To be debt-free and gain a degree, as well as professional qualifications with a clear career structure and opportunities mapped out after qualifying in a career that can help you see the world was appealing Karley Smith, DPO
How can women be made to feel welcome and retained in a career at sea?
There are a few things that could be changed in order to assist women to feel both welcome and included. For instance, amending company policies so that they do not only refer to 'he', providing information on maternity rights and including it in contracts or the SMS and during operational discussions, a simple 'morning all' rather than 'morning lads' would all contribute towards making women feel welcome.
Personal Protective Equipment (PPE) can also be a problem for women with regards to the sizing. I have been on board several vessels that did not have PPE to correctly fit me and I know that female colleagues have experienced the same.
Attitudes in general need to adjust so that a female at sea is no longer a surprise, but instead viewed as normal.
What are the best things about your job?
Working on an equal time for time rotation enables you to have a good work/life balance which is important to me. I have also been very fortunate to work all over the world, from Peru and Brazil to Singapore and Thailand.
Would you recommend seafaring as a career?

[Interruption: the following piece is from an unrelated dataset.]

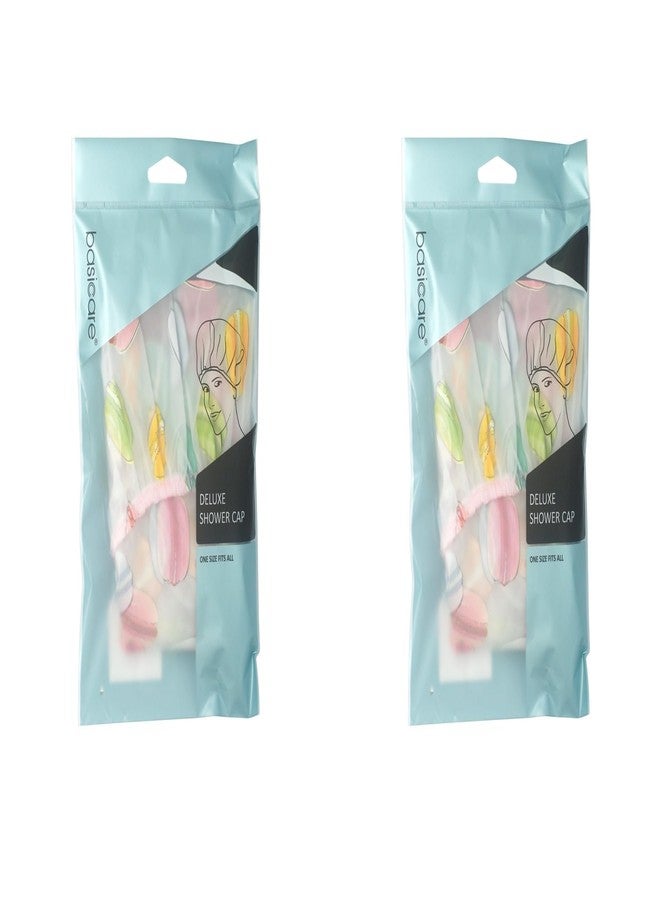 Basicare Printed Elegance: Cool printed Shower Cap Duo (Pack of 2),Stylish Design Water-Resistant Elegance Secure and Comfortable Fit, Durable and Reusable shower bath cap (Pack of 2) - Image 2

Maritime is such a vast industry with many possible career paths. The UK historically was a leading shipping nation and even now around 90% trade is transported by ship. As an island nation, the UK is always going to need shipping and the many roles required to facilitate this. I have found my career so far to be both challenging and rewarding, so I would recommend it to others.
Tell us one thing that people may not know about your job
I have met a few people that think the role of a DPO is to simply sit back and stare at screens all day. There is however, a little more to it than that! In order to become a DPO you must follow a structured training scheme and DP operations themselves vary vastly.